Not Brexit again!!! And no mention of COVID and lockdowns and the significant impact on borrowing and growth. This article would be better suited for the Spectator which has gone down hill significantly over the last few months

Andrew Dalton
Andrew Dalton
8 hours ago
Reply to  Chris Riches

Gove down hill?

Sorry

JR Stoker
JR Stoker
10 hours ago

Tory obsession with tax cuts? Excuse me. When and where? The tax cuts that led to the state taking the highest yield since the 1970’s? Those tax cuts?

Milton Gibbon
Milton Gibbon
13 hours ago

Ah yes, an economy “going backwards” where by 2019 the budget deficit changed to a surplus i.e. we were starting to pay off the debt. Where wages were rising much faster than inflation for the first time in decades (3.2% above inflation according to a quick google). Where growth was pretty good by developed, Western standards excluding the USA.

Dennis Roberts
Dennis Roberts
11 hours ago
Reply to  Milton Gibbon

There was a deficit in 2019 of about 2%, which was the lowest it had been for a long time, but it wasn’t a surplus. The last time the UK had a surplus was 2001 when Labour were still following Conservative spending plans.

James Kirk
James Kirk
11 hours ago

The buzz word is ‘optics’. Truss, by acting too quickly instead of eking out her plans caused nervous nellie turmoil. If Starmer ditches Reeves now, yes he should under normal circumstances but the stable door’s open and sacking her would have the nervous horses bolt, here and overseas.

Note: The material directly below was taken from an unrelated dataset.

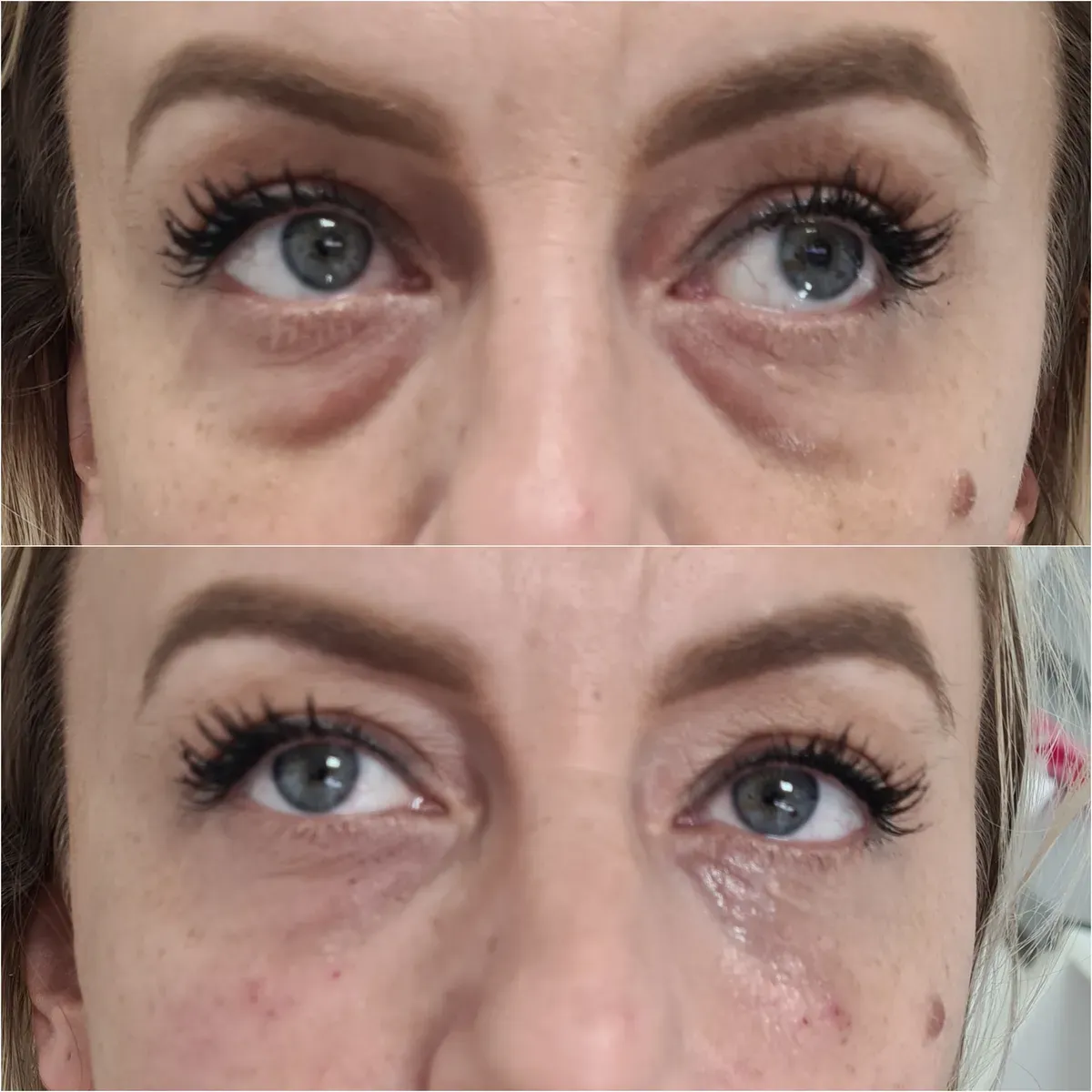 Hijaluronski fileri - prije i poslije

Better Labour ditch him and, politically, she goes with him.
Cowardice and vote catching. Fiddling with areas unlikely to bring any return; WFA, IHT, CGT, interest rates. I’ve long thought Thatcher dropped basic income tax too much too soon. Wilson was on 33p £ and we had fleets of V bombers and a hefty force in Germany. Scandinavia manages.
If Reeves had said ‘time to take your medicine, income tax is going up’ they would still most likely have won. It was their time, time the Tories were laid off.
Now, a bold Chancellor would put two or three pence on income tax, put the threshold up to £20k or more. The BoE and OBR could make it variable, adapting to circumstances. Banks think nothing of credit card APR and we suffer that.
Too late now, there’s no oxygen in the circulation and it’s winding down like an older person in an ICU.